◆ YOUR OBJECTIVE: What is needed is a faithful transcription of all the data below, pictures excluded.

*** Opening PROVIDED MATERIAL ***

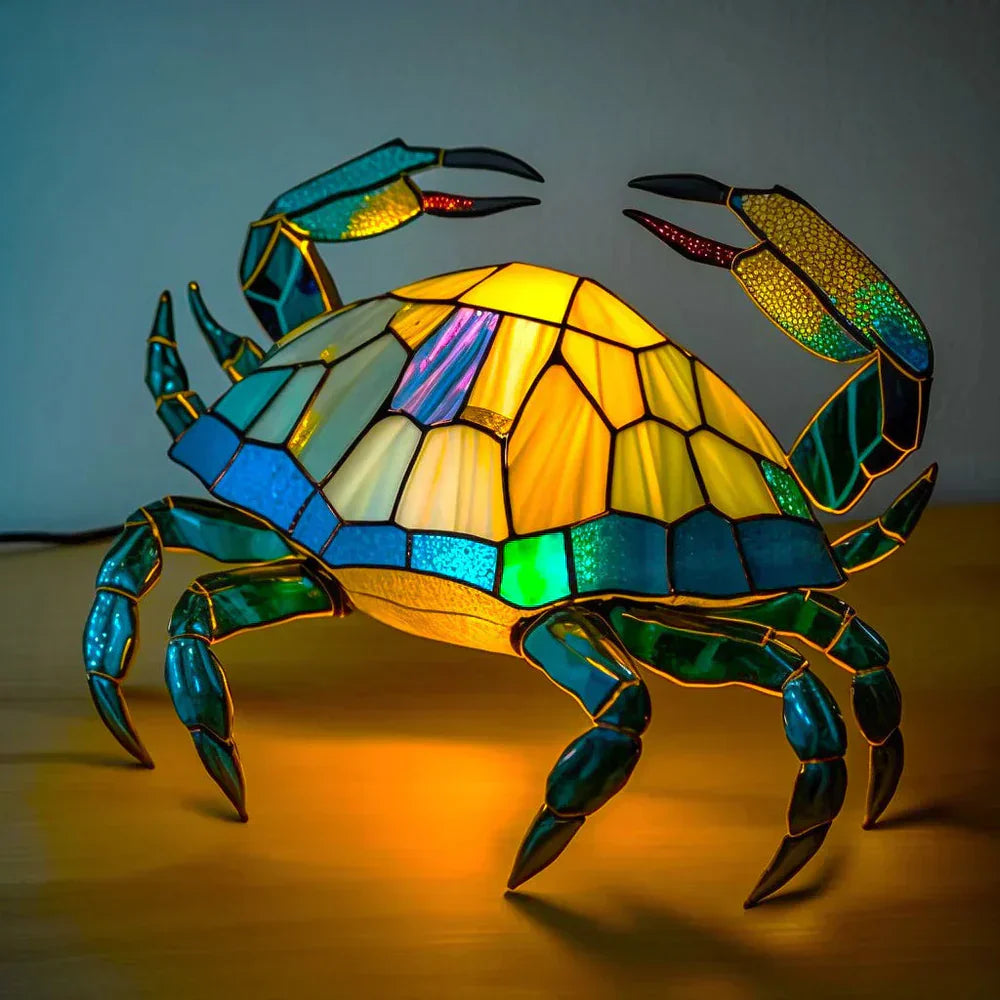 LumiFauna Stained Glass Animal Table Lamp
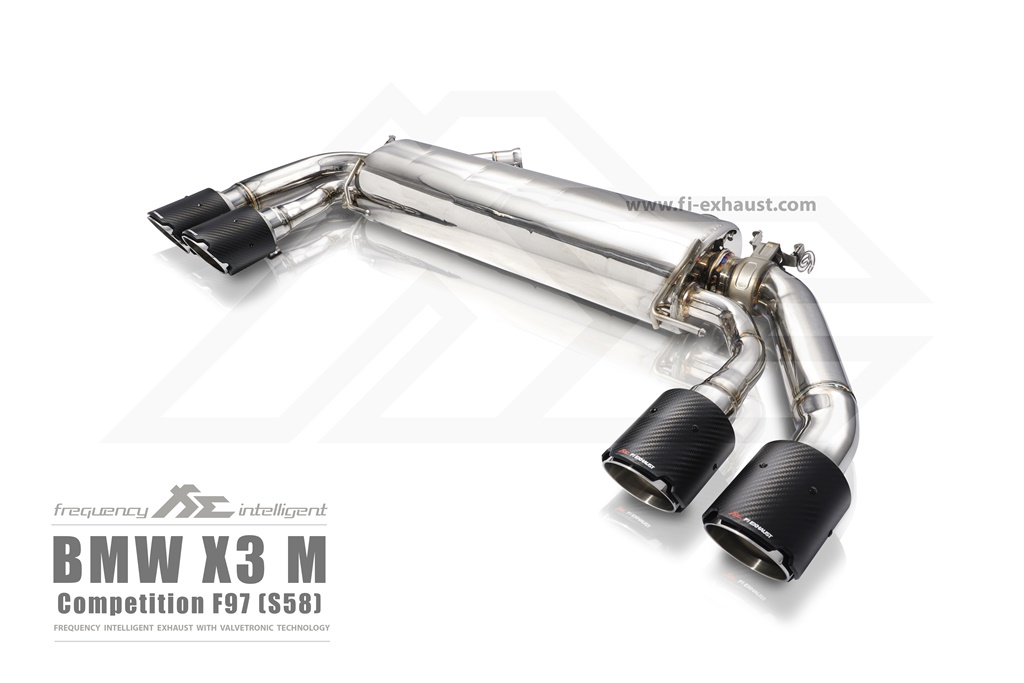 FI Exhaust BN-X98M-CBE+TIP63101S*4 Выхлопная система для BMW F97 X3M / F98 X4M Competition 3.0TT S58 2019+ №3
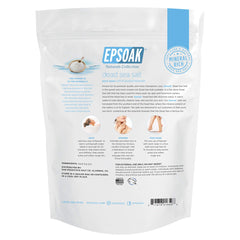Epsoak Dead Sea Salt fine grain for soothing bath minerals.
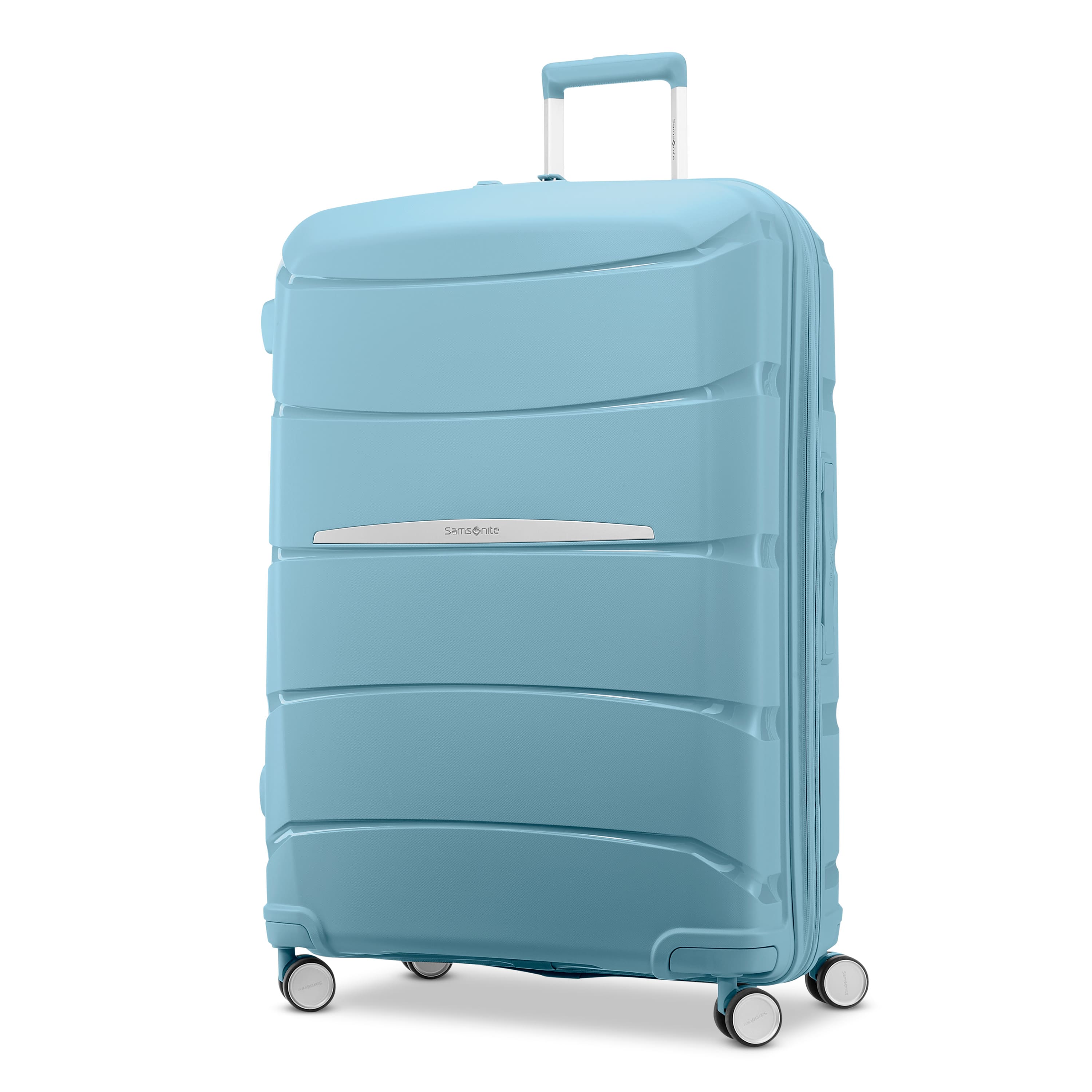Samsonite - Outline Pro Large Spinner Suitcase - Vintage Blue - Front_Zoom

*** Closing PROVIDED MATERIAL ***

◆ THE ANSWER:
 LumiFauna Stained Glass Animal Table Lamp
 FI Exhaust BN-X98M-CBE+TIP63101S*4 Выхлопная система для BMW F97 X3M / F98 X4M Competition 3.0TT S58 2019+ №3
Epsoak Dead Sea Salt fine grain for soothing bath minerals.
Samsonite - Outline Pro Large Spinner Suitcase - Vintage Blue - Front_Zoom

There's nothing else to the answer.